Sir Anthony George Berry (12 February 1925 – 12 October 1984) was a British Conservative politician. He served as Member of Parliament (MP) for Enfield Southgate and a whip in Margaret Thatcher's government.

Berry served as an MP for nearly 20 years until he was killed in the Brighton hotel bombing by the Provisional IRA.

Personal life

Born in Eton, Buckinghamshire (now in Berkshire), Berry was the sixth and youngest son of newspaper magnate Gomer Berry, 1st Viscount Kemsley, and his wife Mary ().
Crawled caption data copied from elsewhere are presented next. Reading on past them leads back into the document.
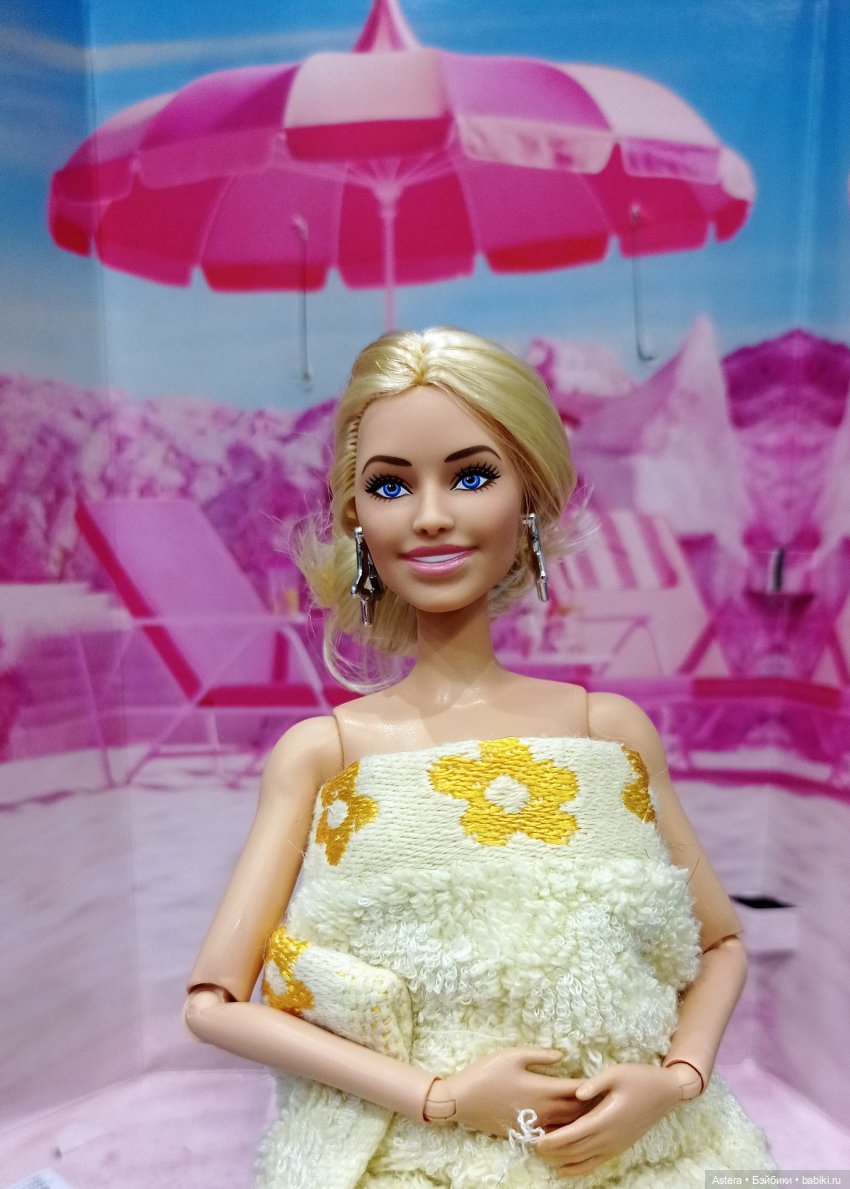 Barbie The Movie в ковбойском костюме. Обзор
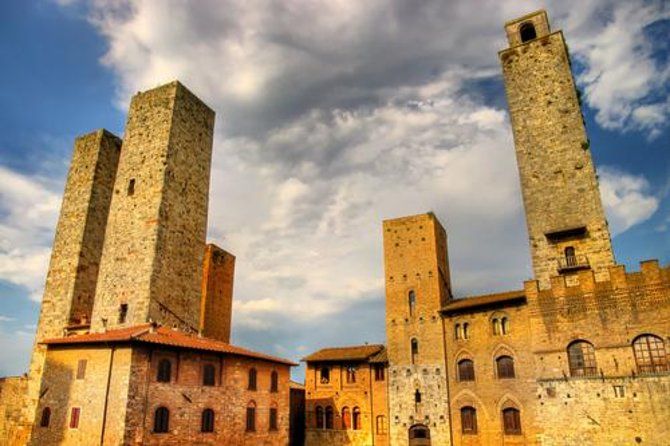 Imagen del tour: Excursión de un día en un pequeño grupo a San Gimignano y Volterra desde Siena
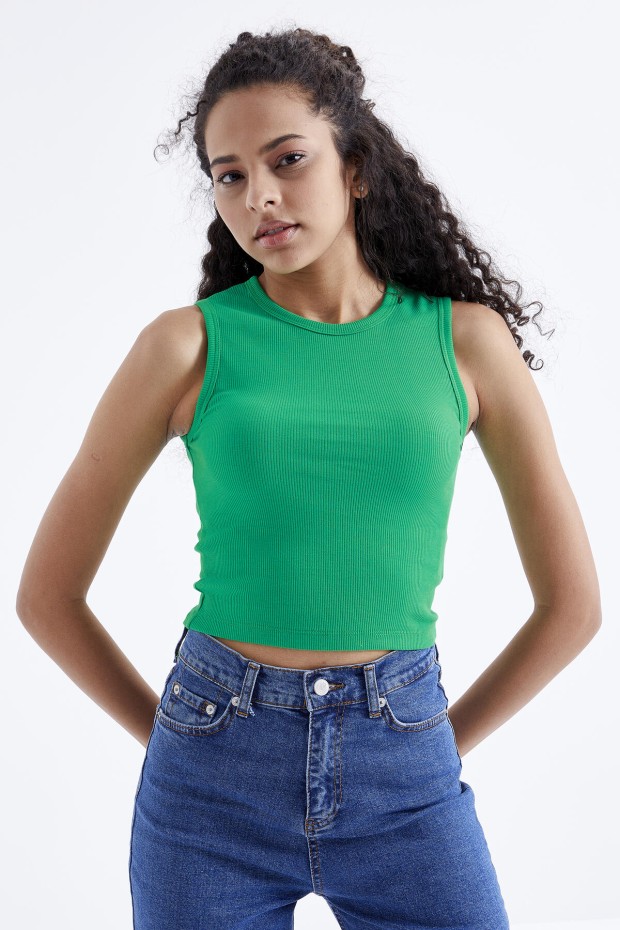 Yeşil Basic Kolsuz O Yaka Kadın Crop Top Atlet - 97204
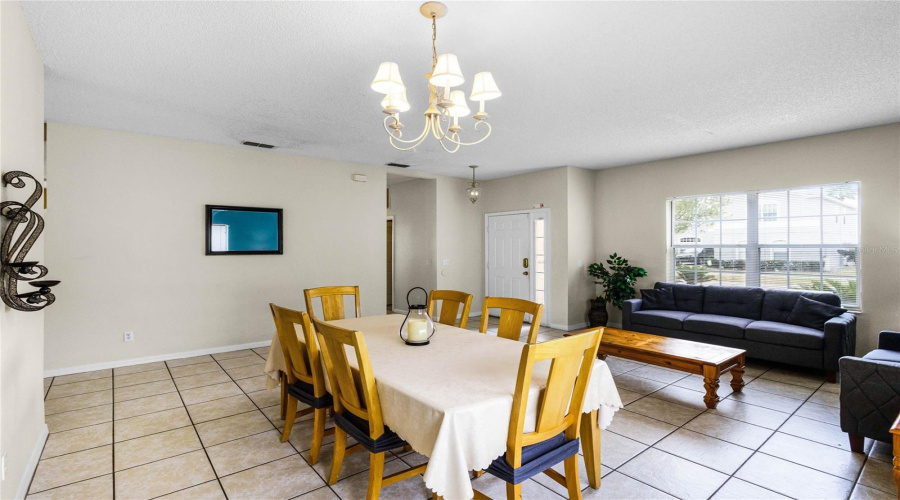DAVENPORT, Florida 33897, 7 Bedrooms Bedrooms, ,5 BathroomsBathrooms,Residential,For Sale,BLOOMINGDALE,0,MFRS5123341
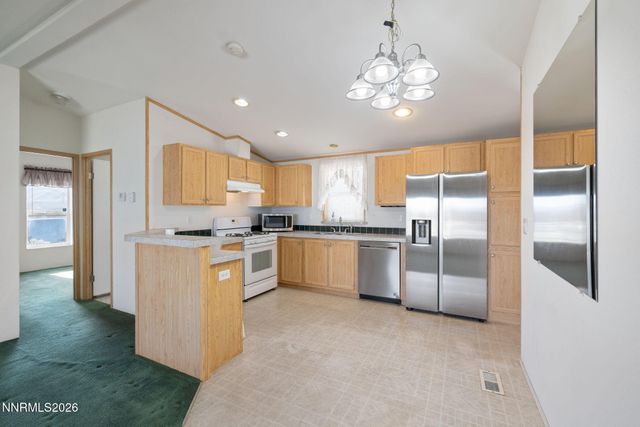 4 Mobil Court, Yerington, NV 89447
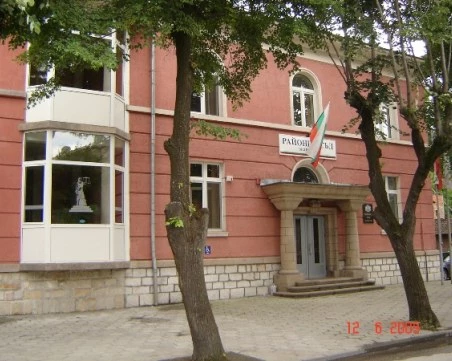 Младеж строши прозорците на съда във Велинград, написа името си върху служебен автомобил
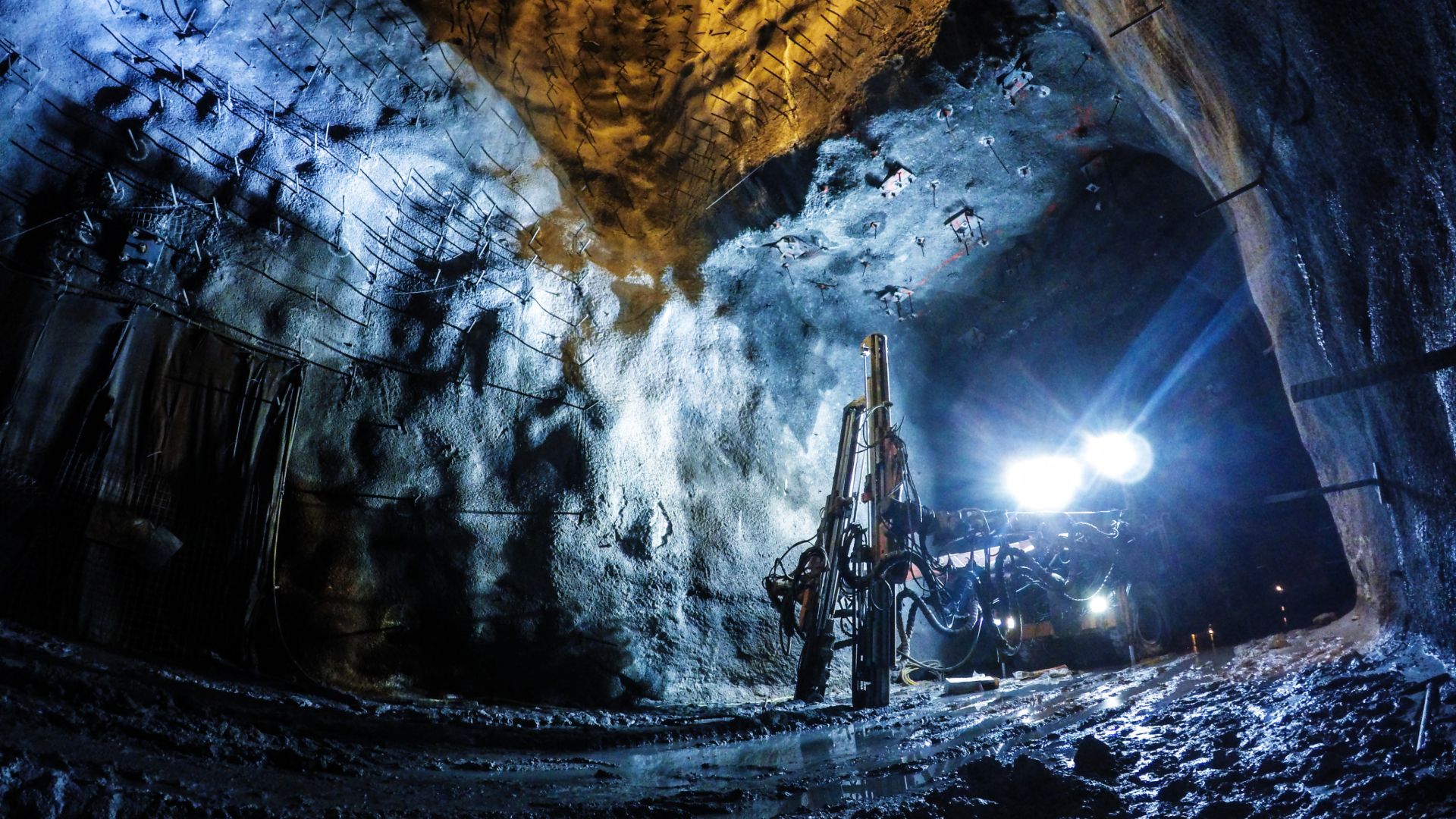 Tremor: Less Downtime. Safer Worksites. The Right Amount of Light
He married firstly, at Westminster in 1954, the Hon. Mary Cynthia Roche (born 1934), a daughter of the 4th Baron Fermoy. Mary's sister, Frances, married John Spencer, 8th Earl Spencer, and so Berry was an uncle of Diana, Princess of Wales.

Berry and his wife Mary had four children: Alexandra Mary (born 1955), Antonia Ruth and Joanna Cynthia (twins, born 1957), and Edward Anthony Morys (born 1960). They divorced in 1966.

He then married Sarah Clifford-Turner at Chelsea in 1966 and had two more children: George (born 1967), and Sasha Jane (born 1969).

Career
In 1962 he was appointed High Sheriff of Glamorgan.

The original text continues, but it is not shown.